**TASK:** As the lines appear below, please set them down exactly, starting at the first and finishing with the one containing "Vervaco Stickpackung - Geschenksäckchen".

Extracted data entries:
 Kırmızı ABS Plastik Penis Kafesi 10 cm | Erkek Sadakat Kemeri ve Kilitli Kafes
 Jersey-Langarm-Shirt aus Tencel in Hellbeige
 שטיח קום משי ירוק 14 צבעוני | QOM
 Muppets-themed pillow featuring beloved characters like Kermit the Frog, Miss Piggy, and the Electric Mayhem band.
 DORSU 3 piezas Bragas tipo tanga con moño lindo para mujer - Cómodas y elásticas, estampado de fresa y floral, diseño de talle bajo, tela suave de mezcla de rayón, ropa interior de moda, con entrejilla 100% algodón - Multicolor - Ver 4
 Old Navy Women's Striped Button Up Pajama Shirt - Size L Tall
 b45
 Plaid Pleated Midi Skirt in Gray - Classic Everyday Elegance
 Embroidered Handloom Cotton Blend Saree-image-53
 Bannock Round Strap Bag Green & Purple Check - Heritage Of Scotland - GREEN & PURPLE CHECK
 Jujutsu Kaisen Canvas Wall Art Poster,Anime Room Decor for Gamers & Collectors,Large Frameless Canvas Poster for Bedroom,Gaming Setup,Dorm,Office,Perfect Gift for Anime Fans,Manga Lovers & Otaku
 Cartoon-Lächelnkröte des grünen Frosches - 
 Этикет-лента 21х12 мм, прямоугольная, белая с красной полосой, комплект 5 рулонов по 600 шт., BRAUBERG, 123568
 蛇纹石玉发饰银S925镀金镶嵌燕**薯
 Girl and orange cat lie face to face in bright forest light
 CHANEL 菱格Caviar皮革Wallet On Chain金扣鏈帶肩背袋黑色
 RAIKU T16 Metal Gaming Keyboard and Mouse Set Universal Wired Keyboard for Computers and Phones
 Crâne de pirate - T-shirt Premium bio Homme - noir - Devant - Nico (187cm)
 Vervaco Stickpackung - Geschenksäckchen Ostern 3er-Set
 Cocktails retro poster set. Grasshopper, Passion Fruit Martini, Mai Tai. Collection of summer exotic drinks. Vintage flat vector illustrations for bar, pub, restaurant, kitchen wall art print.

**RESULT FOR THIS TASK:**
 Kırmızı ABS Plastik Penis Kafesi 10 cm | Erkek Sadakat Kemeri ve Kilitli Kafes
 Jersey-Langarm-Shirt aus Tencel in Hellbeige
 שטיח קום משי ירוק 14 צבעוני | QOM
 Muppets-themed pillow featuring beloved characters like Kermit the Frog, Miss Piggy, and the Electric Mayhem band.
 DORSU 3 piezas Bragas tipo tanga con moño lindo para mujer - Cómodas y elásticas, estampado de fresa y floral, diseño de talle bajo, tela suave de mezcla de rayón, ropa interior de moda, con entrejilla 100% algodón - Multicolor - Ver 4
 Old Navy Women's Striped Button Up Pajama Shirt - Size L Tall
 b45
 Plaid Pleated Midi Skirt in Gray - Classic Everyday Elegance
 Embroidered Handloom Cotton Blend Saree-image-53
 Bannock Round Strap Bag Green & Purple Check - Heritage Of Scotland - GREEN & PURPLE CHECK
 Jujutsu Kaisen Canvas Wall Art Poster,Anime Room Decor for Gamers & Collectors,Large Frameless Canvas Poster for Bedroom,Gaming Setup,Dorm,Office,Perfect Gift for Anime Fans,Manga Lovers & Otaku
 Cartoon-Lächelnkröte des grünen Frosches - 
 Этикет-лента 21х12 мм, прямоугольная, белая с красной полосой, комплект 5 рулонов по 600 шт., BRAUBERG, 123568
 蛇纹石玉发饰银S925镀金镶嵌燕**薯
 Girl and orange cat lie face to face in bright forest light
 CHANEL 菱格Caviar皮革Wallet On Chain金扣鏈帶肩背袋黑色
 RAIKU T16 Metal Gaming Keyboard and Mouse Set Universal Wired Keyboard for Computers and Phones
 Crâne de pirate - T-shirt Premium bio Homme - noir - Devant - Nico (187cm)
 Vervaco Stickpackung - Geschenksäckchen Ostern 3er-Set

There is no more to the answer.